Saat-saat Kebenaran

Rabu, Oktober 17, 2012



Buku ini adalah kumpulan enam buah cerita pendek yang sudah diterbitkan sebelumnya. Cerita pertama berjudul Wahyu oleh Flannery O' Connor, cerita kedua berjudul Pengadilan S. Thomas More oleh Robert Bolt. Cerita ketiga berjudul Tuhan membenarkan dengan menguji ketabahan hati oleh Leo Tolstoy. Cerita keempat berjudul Prakiraan oleh Morris L. West. Cerita kelima berjudul Sonei Kenichi oleh seorang suster OSU, dan cerita keenam berjudul Selalu di hati oleh T.C. Lengyel.

Saat-saat Kebenaran
Kumpulan cerita pendek
Penerjemah: Tim Cipta Loka Caraka
Pengantar: Adolf Heuken, SJ
Penerbit: Cipta Loka Caraka
Cetakan kedua: 2001

Empat cerita pertama ini diperoleh dari buku kumpulan cerpen yang sudah terbit di Amerika dalam buku saku Moment of Truth oleh Dan Herr dan Joel Welless, New York 1968. Sedangkan Sonei Kenichi adalah sebuah kesaksian dari seorang suster terhadap pimpinan pasukan Jepang yang dulu bertugas di kampung Cideng, Jakarta.

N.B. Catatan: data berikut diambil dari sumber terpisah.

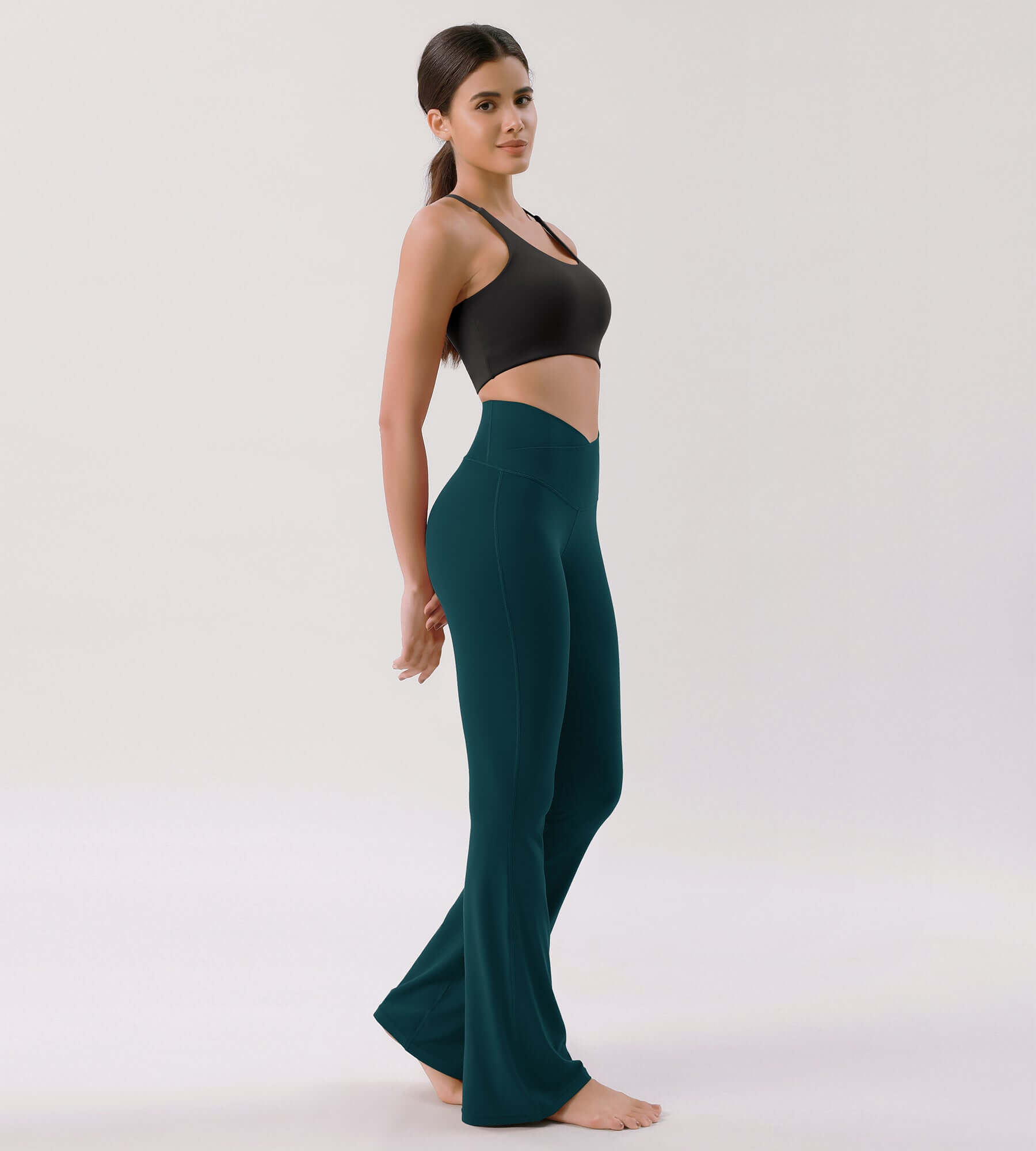 Cloud Feeling 30" Crossover High Waist Flared Pants - ododos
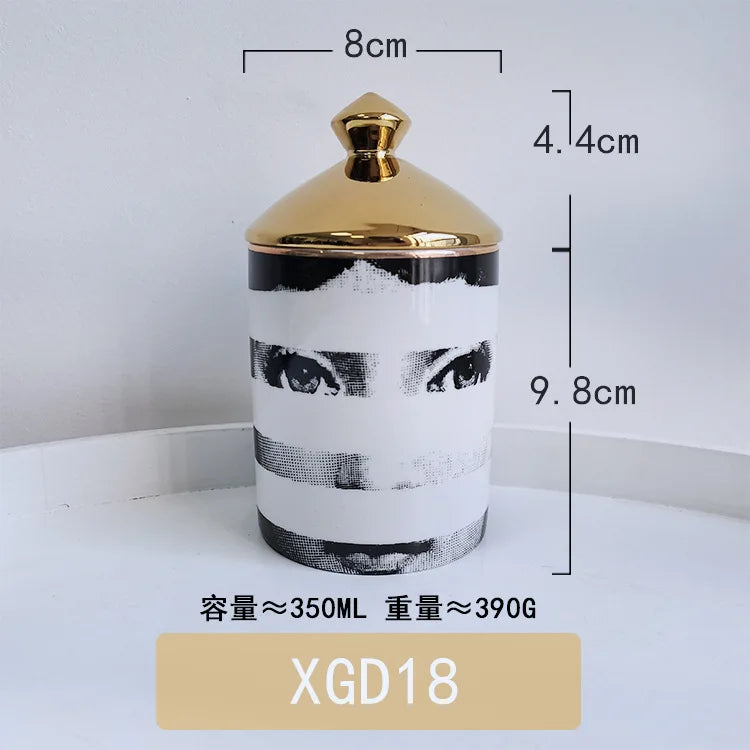 boîtes bougies parfumées art déco moderne vintage illustrations visages géométriques 350ml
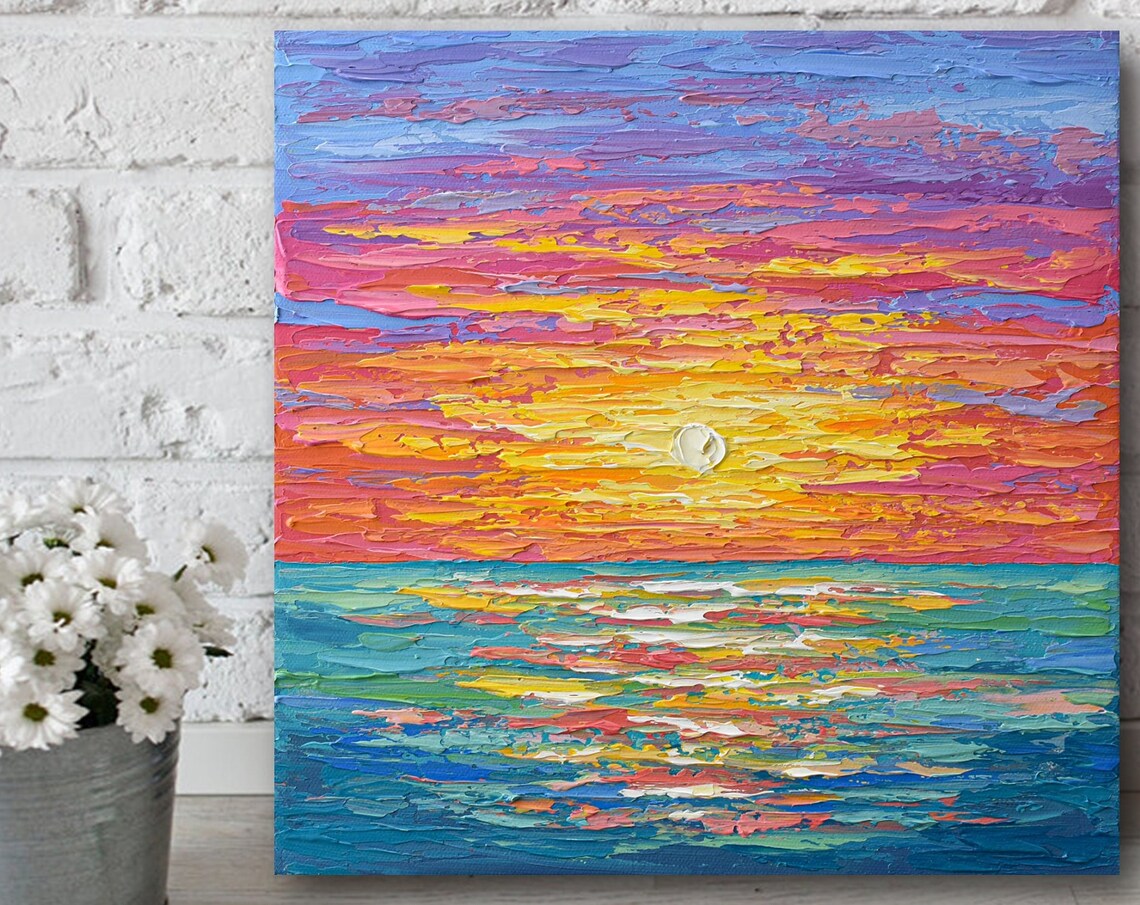 Impressionist Sunset Seascape Art Print, Coastal Decor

Cerita yang terakhir diterjemahkan dari allgemeine sonntagszeitung (sebuah harian di Jerman) tanggal 29 Oktober 1976.


Pada pengantar buku ini, Adolf Heuken menuliskan bahwa di dalam hidup seseorang, ada saat-saat tertentu yang memainkan peranan penting:
* sebagai titik balik jalan kehidupan,
* sebagai pembuka mata mengenai keadaan sebenarnya dari jiwa serta hati;
* sebagai persimpangan jalan saat harus memilih dengan mempertaruhkan seluruh kepribadian;
* sebagai titik yang menyelesaikan apa yang telah dipersiapkan selama puluhan tahun lamanya.
Dalam hal itulah, terlihat nilai-nilai setiap orang sebenarnya, dimana kerutinan sehari-hari, tingkah laku lazim, topeng sopan santun, kedangkalan urusan biasa sekonyong-konyong tercabik, sehingga yang tertinggal hanyalah nilai dan harkat seseorang, terlepas dari pangkat, umur, kekayaan, kepandaian, atau kedudukan dalam masyarakat.

Tokoh-tokoh pada keenam cerita pendek ini mengalami konflik atas prinsip-prinsip yang telah diyakininya sejak lama. Namun, pada dasarnya ada sesuatu yang sifatnya abadi memimpin mereka kepada penemuan jalan yang mengubah cara pandang dan hidup mereka.

Wahyu, dalam pertemuan singkat dalam sebuah ruang tunggu praktek dokter, Nyonya Turpin menunggu bersama berbagai-bagai orang, dan ketika ia memerhatikan para pasien yang ikut menunggu, ia teringat bahwa kadang tiap malam ia membuat peringkat orang-orang. Kelas paling bawah adalah kulit hitam, sederajat dengan kelas tersebut adalah kaum sampah kulit putih. Di atasnya adalah orang yang punya rumah, di atasnya lagi adalah para pemilik rumah serta tanah (ia masuk golongan ini). Dan di atasnya lagi adalah orang-orang yang punya banyak uang, rumah-rumah, serta tanah-tanah yang luas. Namun, sebuah perilaku aneh dari seorang gadis yang sedang membaca buku "Human Development". Gadis itu menyerang Nyonya Turpin dengan melemparkan bukunya serta mencekiknya. Sepulang dari praktek dokter itu, ia tidak tenang dan gelisah. Bukan karena bekas serangan gadis tersebut pada kepala dan lehernya, melainkan jauh lebih dalam tentang bagaimana ia memandang diri dan sesamanya.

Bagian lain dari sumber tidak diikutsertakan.